Data for this exercise:
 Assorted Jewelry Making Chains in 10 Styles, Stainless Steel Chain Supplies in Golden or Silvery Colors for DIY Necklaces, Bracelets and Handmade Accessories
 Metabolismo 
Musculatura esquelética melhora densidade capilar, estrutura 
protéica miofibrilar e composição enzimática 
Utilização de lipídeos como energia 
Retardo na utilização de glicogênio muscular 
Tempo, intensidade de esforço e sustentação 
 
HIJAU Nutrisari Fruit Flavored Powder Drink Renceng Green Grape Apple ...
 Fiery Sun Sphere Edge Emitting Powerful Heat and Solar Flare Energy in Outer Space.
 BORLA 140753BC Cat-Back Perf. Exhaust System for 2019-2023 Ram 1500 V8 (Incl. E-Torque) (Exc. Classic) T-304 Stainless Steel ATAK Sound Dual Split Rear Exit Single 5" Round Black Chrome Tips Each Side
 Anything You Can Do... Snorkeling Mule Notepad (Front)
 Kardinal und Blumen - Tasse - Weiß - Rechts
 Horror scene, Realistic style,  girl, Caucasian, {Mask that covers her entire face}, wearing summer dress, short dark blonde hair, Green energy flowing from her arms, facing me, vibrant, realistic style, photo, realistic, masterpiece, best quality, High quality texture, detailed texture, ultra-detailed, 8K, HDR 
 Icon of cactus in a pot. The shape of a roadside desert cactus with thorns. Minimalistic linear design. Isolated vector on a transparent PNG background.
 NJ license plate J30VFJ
--
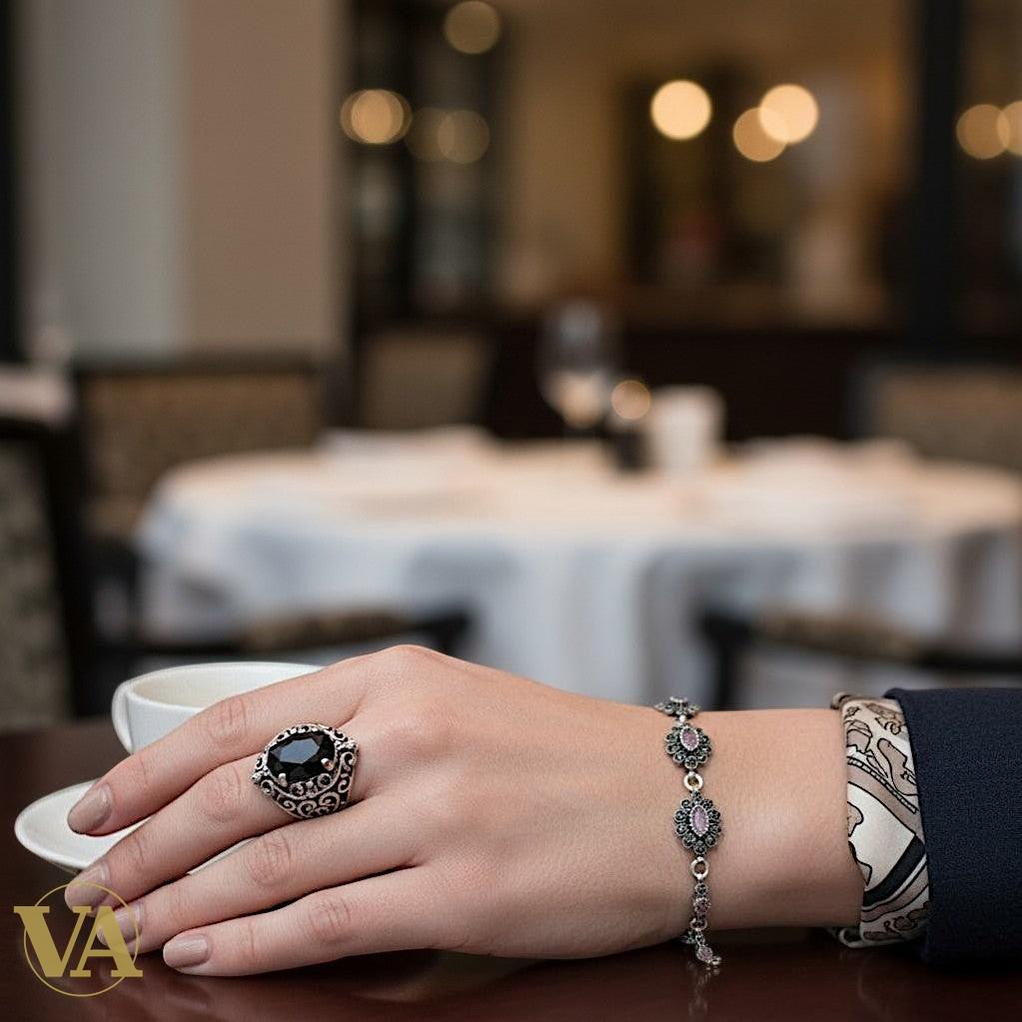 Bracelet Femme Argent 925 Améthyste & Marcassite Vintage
==
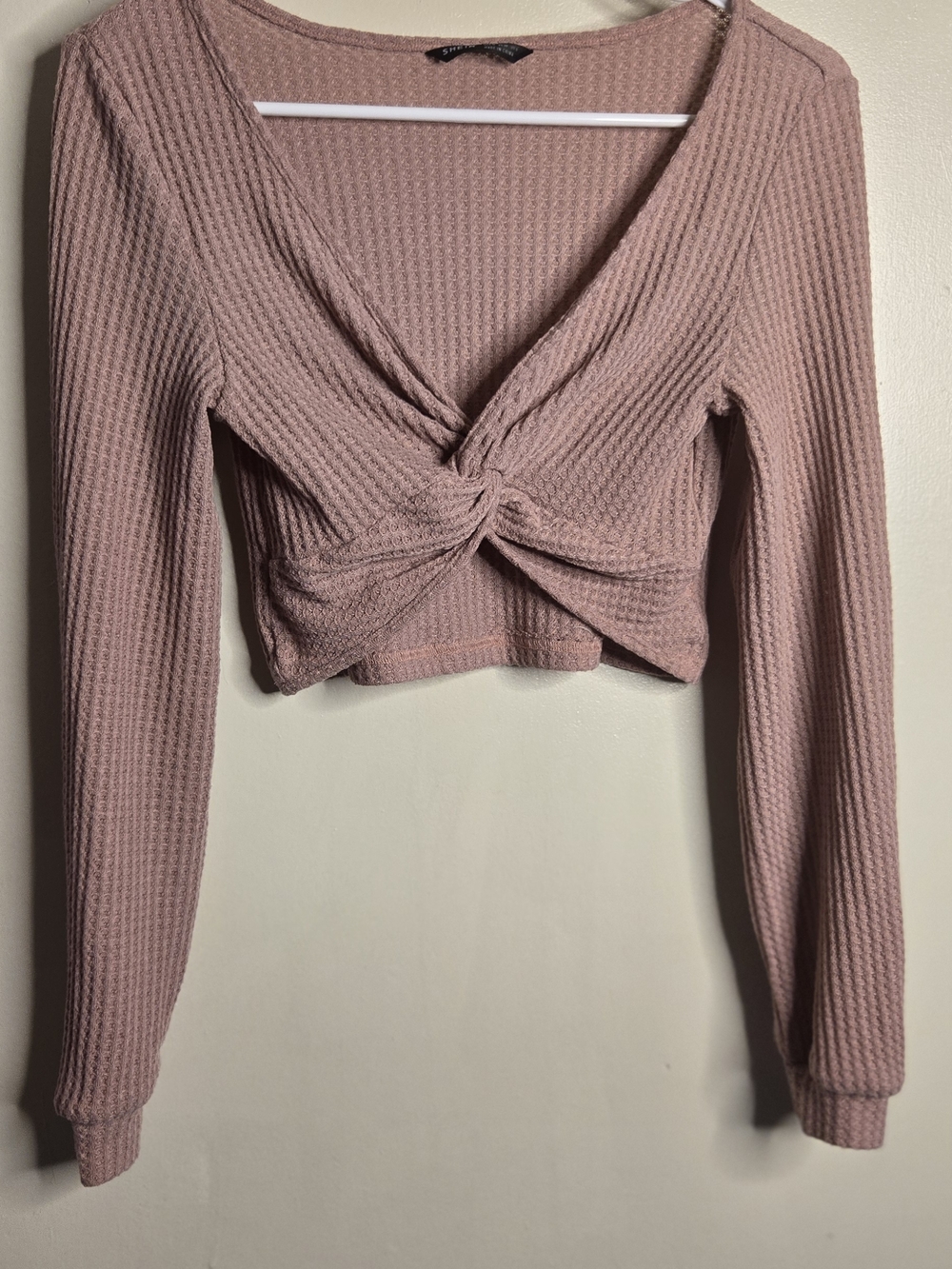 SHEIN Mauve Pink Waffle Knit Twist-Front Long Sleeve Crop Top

Problem to solve: Return every line of the listing above that contains "Stainless".

Problem solution:
 Assorted Jewelry Making Chains in 10 Styles, Stainless Steel Chain Supplies in Golden or Silvery Colors for DIY Necklaces, Bracelets and Handmade Accessories
 BORLA 140753BC Cat-Back Perf. Exhaust System for 2019-2023 Ram 1500 V8 (Incl. E-Torque) (Exc. Classic) T-304 Stainless Steel ATAK Sound Dual Split Rear Exit Single 5" Round Black Chrome Tips Each Side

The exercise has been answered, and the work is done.